● **Required work**: Word for word, copy the line that contains "[BIDEOA] Izarok disko" and each line after it in the data below. Pictures stay out of the copy.

● **Record excerpts**:
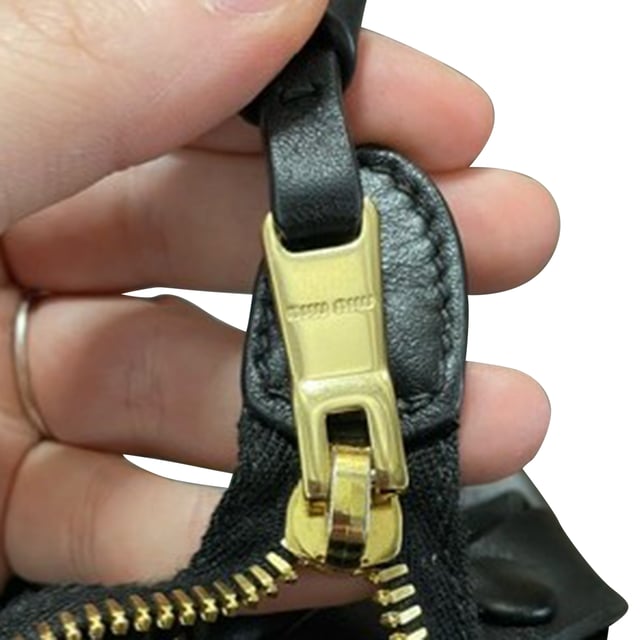 VINTAGE, RRP WIE NEU  
Ausstrahlung zeitloser Eleganz, diese Miu Miu Schultertasche ist aus schwarzem Leder mit goldenen Beschlägen gefertigt. Ihr charakteristischer geflochtener Tragegurt und das Miu Miu-Logo auf der Vorderseite machen sie zu einem eleganten und raffinierten Accessoire für jeden Anlass.

mit Staubbeutel

Miu Miu Logo Schultertasche aus schwarzem Leder  
Zustand: Ausgezeichnet  
Tragespuren: Kein Verkaufsetikett, Keine sichtbaren Gebrauchsspuren.  
Verpackung: Staubbeutel  
Farbe: schwarz  
Material: Leder  
Größe: Einheitsgröße  
Maße: Breite: 130; Höhe: 280; Länge: 350; Henkelhöhe: 160; Gurtlänge: 600  
SKU: NAPPUGBBA372667W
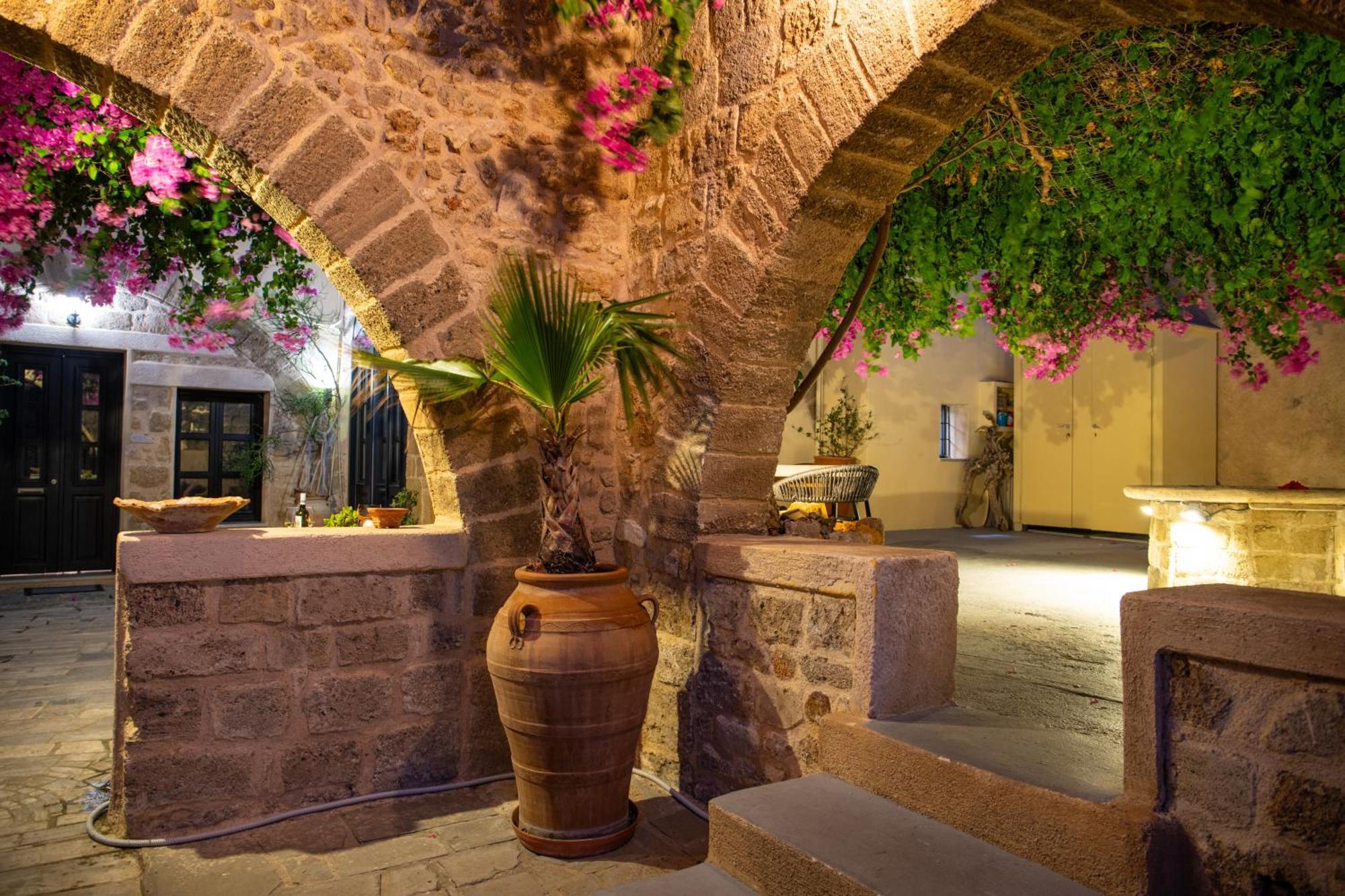 The Old Town House Apartamento Rhodes City Exterior foto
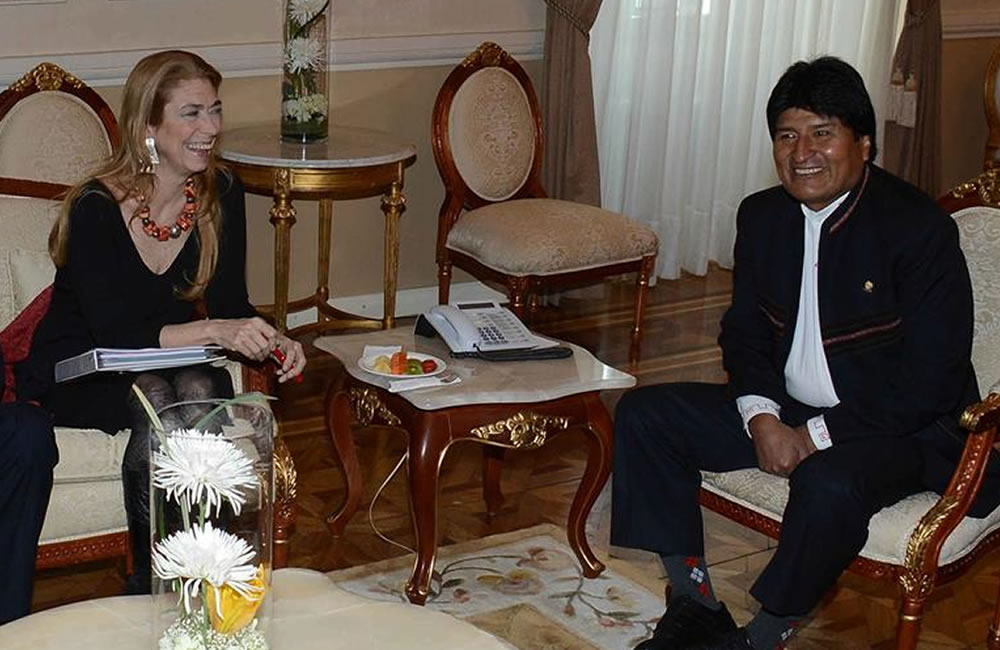 El presidente boliviano, Evo Morales, y la ministra argentina de Industria. Foto: EFE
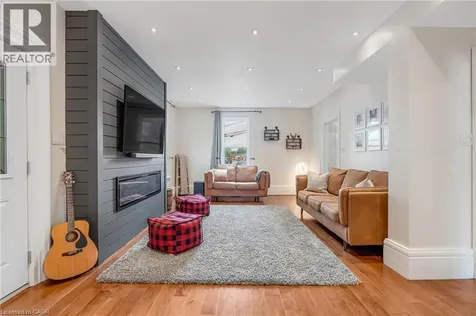 303 Canborough Street Smithville ON L0R 2A0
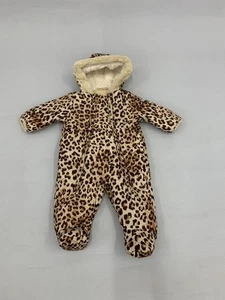 DKNY Bebé - Body Acolchado Estampado Leopardo Traje de Nieve - 3-6 Meses - Imagen 1 de 8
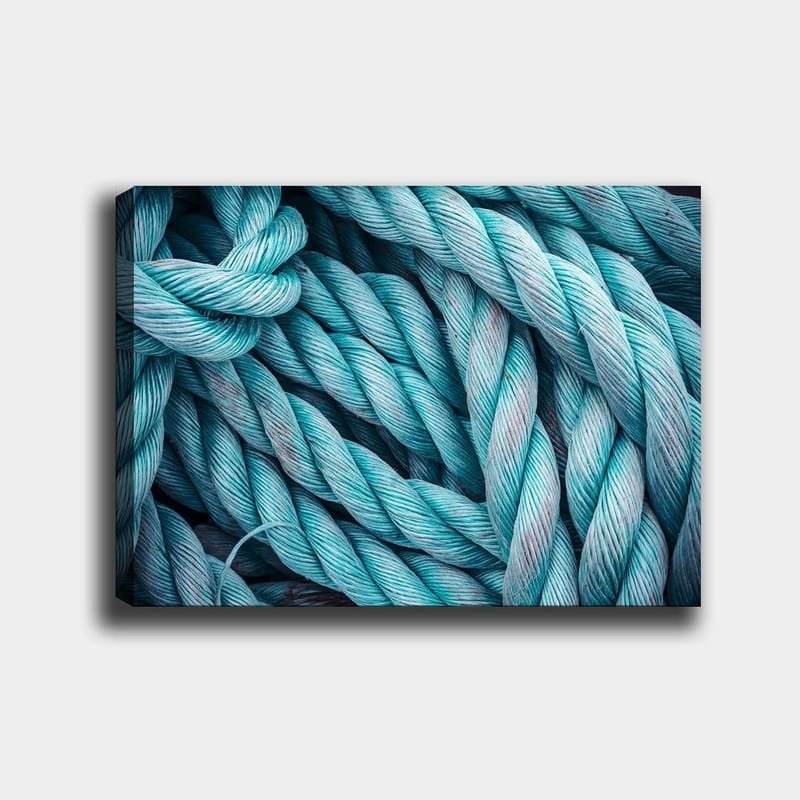 Canvas taulu 70x100 cm - Lähikuva toisiinsa kietoutuneista köysistä, jotka luovat dynaamisen ja teksturoidun sommitelman - Turkoosi / Vaaleansininen - Sisustustuotteet - Taulu & taide - Canvas-taulu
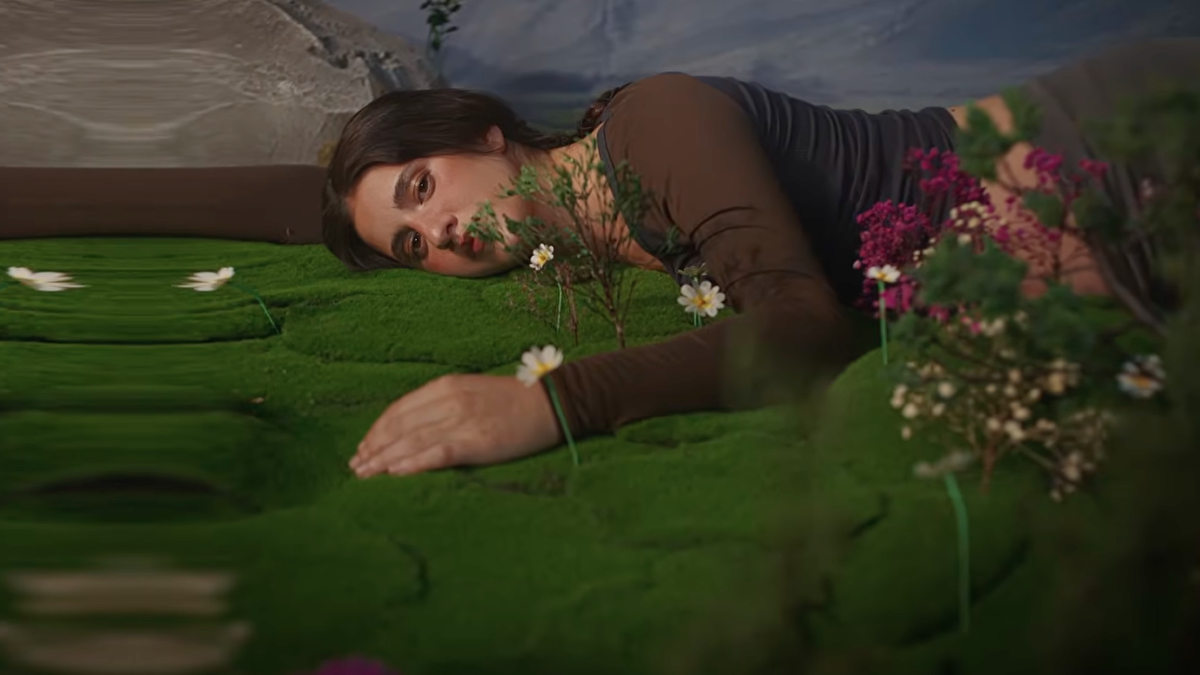 [BIDEOA] Izarok disko berria iragarri du abendurako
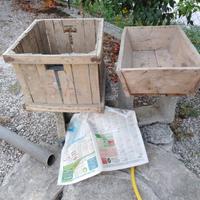 Antica Vasca Mangiatoia e Cassa cassetta in Legno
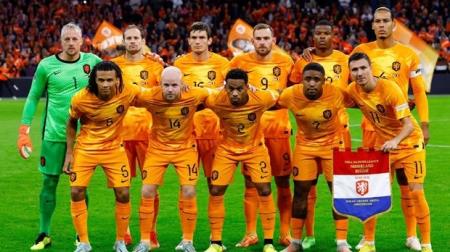 World Cup 2022: “Cơn lốc màu Da cam” chiếm ưu thế ở bảng A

● **Expected output**:
 [BIDEOA] Izarok disko berria iragarri du abendurako
 Antica Vasca Mangiatoia e Cassa cassetta in Legno
 World Cup 2022: “Cơn lốc màu Da cam” chiếm ưu thế ở bảng A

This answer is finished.